Would you feel comfortable having a car dealer choose a car for you based on price alone? The dealer doesn’t know the size of your family or what kind of car you want. They only know how much you want to spend.

Oftentimes, homeowners go to a local garden center and purchase plants they regret later because they only considered price, color or availability.

Taking an inventory of the yard helps you consider all the important factors needed to create the landscape design and the plants that will be used in it. It means putting in some effort up front to avoid headaches later on.

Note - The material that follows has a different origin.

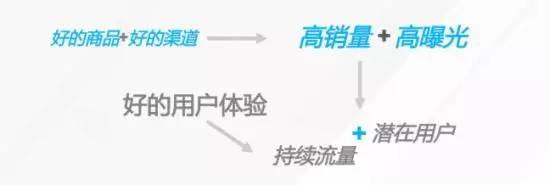 淘宝客----- 80%卖家都忽略的流量入口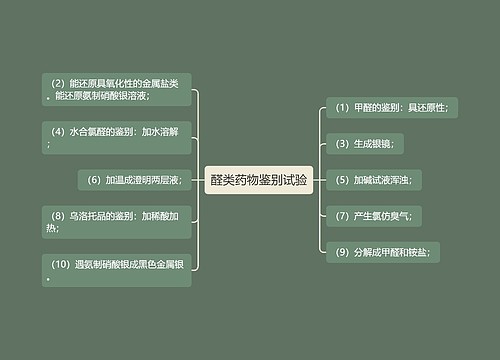 醛类药物鉴别试验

What do I need to look for?

The landscape inventory provides information that will assist in analyzing the site later on. Some general elements to pay attention to when taking an inventory for a yard with a water-wise goal in mind include:

  • Microclimates —These are areas in the yard that may differ from the norm
    • An area that is completely shaded during the day and remains wet most of the year
    • An area on a west side of a house that gets abnormally hot in summer afternoon
    • A nook that is sheltered by a fence and building
  • Existing water-wise plants—If you have an existing landscape, the trick here is to recognize plants (typically trees and shrubs) that are already established and seem to be doing well with little additional water.
  • Slopes —On areas with extremely steep slopes, water runs off quickly and infiltration is significantly less than normal. These areas should be accounted for when planning for plant needs.
  • Soils —Experts say that up to 80% of plant related landscaping problems are related to soils. This area of landscaping is often ignored or poorly understood by homeowners. A soil test and even simply going out and looking at drainage and soil composition will be beneficial to you as you start to plan ahead.
  • External factors—Elements such as prevailing winds, shade from off site trees, and plant access to nearby water should be part of the inventory. These will also affect water availability.

 


Additional Resources:

Water wise landscape

Southeast

Florida - Site Inventory and Analysis (slide show)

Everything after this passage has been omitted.